Fighting for a cure

mott blog - faith falzoneThis weekend, we attended the Griese, Hutchinson, Woodson “Champions for Children gala at the University of Michigan. It is a fundraiser for C.S. Mott Children’s Hospital and the Charles Woodson Clinical Research Fund. Last year, my daughter Faith was the guest of honor. She was there as a representative of the many children at Mott who have a disease for which there is no cure.

Last year she was given a pass by her doctors to leave the hospital for the evening to attend the gala.  She had just had most of her colon removed and she had to have another surgery before she was able to be discharged from the hospital. I remember being skeptical that it was a good idea for her to attend.
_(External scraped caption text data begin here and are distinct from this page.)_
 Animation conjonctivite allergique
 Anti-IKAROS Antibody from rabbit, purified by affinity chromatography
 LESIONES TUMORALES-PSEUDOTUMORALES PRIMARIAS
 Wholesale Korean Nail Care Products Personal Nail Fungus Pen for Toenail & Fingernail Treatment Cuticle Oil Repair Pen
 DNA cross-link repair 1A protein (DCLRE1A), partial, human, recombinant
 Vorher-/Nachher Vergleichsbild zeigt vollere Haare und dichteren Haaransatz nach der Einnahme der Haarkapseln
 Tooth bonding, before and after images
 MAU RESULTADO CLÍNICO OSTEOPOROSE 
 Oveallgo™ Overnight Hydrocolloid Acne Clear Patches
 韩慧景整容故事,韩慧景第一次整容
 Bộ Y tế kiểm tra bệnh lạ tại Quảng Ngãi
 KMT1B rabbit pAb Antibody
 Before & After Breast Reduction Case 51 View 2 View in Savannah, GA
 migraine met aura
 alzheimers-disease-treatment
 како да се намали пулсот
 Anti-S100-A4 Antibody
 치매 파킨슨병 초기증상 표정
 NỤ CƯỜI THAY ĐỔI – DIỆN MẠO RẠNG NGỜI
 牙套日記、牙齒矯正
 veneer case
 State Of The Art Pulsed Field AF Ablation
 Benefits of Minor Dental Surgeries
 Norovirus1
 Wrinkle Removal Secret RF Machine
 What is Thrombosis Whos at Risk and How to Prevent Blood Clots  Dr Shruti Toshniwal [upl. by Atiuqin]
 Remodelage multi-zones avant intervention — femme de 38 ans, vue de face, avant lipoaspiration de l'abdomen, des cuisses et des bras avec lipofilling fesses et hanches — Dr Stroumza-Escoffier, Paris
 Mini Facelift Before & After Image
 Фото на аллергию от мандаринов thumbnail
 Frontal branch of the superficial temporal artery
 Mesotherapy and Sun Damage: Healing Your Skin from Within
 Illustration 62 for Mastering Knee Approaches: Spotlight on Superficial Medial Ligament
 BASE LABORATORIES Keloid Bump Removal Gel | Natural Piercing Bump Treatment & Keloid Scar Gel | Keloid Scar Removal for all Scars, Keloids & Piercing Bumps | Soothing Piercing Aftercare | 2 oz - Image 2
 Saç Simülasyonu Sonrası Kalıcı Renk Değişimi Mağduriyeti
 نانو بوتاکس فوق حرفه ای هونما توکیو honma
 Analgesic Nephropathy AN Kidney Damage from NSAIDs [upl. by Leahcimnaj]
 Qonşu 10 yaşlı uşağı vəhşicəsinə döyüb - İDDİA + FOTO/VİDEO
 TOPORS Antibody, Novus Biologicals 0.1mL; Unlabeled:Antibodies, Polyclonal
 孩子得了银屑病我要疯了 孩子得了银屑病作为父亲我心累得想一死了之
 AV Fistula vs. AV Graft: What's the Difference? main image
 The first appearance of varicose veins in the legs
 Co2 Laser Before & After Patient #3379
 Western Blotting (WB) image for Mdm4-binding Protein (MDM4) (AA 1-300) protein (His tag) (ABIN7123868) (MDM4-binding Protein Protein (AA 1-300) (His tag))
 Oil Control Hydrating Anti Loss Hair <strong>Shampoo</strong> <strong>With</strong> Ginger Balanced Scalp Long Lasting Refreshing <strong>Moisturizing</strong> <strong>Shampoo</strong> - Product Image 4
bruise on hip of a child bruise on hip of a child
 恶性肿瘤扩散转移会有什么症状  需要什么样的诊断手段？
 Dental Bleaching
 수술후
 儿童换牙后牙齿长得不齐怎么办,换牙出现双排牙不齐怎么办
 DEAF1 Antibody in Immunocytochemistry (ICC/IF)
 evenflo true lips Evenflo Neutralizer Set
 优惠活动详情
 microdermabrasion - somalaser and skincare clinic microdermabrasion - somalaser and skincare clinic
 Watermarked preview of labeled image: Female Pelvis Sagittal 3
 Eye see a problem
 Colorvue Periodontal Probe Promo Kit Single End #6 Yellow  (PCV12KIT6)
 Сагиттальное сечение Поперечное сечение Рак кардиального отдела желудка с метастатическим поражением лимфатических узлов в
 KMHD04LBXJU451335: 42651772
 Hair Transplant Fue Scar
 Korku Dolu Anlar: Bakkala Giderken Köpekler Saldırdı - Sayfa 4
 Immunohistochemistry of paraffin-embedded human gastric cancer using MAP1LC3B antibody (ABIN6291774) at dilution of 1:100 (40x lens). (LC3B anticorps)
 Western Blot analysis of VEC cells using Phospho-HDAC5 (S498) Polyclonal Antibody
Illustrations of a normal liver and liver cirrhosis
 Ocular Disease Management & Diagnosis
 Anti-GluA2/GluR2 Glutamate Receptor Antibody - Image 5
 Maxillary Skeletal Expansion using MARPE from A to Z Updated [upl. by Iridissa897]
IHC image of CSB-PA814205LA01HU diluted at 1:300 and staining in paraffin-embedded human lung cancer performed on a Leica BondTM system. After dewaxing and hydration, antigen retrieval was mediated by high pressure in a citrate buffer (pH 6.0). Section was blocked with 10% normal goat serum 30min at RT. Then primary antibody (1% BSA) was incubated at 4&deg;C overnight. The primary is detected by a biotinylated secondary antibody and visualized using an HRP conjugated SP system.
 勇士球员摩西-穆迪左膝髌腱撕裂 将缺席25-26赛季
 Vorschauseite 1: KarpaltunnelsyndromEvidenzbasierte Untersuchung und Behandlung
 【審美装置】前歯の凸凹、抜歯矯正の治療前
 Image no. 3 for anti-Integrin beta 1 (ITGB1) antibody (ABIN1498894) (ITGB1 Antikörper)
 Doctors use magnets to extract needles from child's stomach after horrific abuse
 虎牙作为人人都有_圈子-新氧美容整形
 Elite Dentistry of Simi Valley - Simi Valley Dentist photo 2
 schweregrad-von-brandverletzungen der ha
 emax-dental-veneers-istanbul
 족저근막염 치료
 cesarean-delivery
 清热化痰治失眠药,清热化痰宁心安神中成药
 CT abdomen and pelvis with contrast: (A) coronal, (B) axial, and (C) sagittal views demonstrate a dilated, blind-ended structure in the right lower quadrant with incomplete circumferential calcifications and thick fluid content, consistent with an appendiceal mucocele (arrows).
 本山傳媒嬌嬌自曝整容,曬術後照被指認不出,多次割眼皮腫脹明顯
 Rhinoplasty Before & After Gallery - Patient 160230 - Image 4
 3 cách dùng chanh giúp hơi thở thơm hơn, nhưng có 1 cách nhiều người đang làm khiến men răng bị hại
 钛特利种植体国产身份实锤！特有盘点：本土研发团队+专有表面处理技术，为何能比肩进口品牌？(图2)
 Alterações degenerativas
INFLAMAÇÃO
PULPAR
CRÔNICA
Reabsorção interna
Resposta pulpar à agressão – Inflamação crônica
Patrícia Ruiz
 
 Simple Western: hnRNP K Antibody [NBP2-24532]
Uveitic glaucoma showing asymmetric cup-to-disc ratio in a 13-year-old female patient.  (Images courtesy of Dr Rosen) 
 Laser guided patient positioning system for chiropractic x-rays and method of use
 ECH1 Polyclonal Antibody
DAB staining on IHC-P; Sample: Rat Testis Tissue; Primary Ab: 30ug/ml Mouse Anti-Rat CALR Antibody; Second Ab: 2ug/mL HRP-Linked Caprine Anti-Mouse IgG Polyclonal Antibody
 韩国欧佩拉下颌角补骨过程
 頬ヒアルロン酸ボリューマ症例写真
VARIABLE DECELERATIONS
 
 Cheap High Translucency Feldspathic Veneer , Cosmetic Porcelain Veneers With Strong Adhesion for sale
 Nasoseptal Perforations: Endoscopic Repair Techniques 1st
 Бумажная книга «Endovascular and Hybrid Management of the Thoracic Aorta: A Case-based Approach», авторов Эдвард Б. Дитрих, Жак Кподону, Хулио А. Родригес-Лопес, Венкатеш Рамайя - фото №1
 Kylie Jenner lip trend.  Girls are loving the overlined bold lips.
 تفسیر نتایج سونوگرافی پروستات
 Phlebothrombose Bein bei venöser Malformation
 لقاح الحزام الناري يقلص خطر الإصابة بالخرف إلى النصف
Her doctors had to change her total parenteral nutrition schedule, and I was worried that she would get too tired.

The morning of the gala, however, Charles Woodson came to see her in the hospital.  That changed everything. I knew from that moment it was going to be a great night for her. She had an instant connection with Charles, and finally – after a few long weeks in the hospital – she was starting to act like herself.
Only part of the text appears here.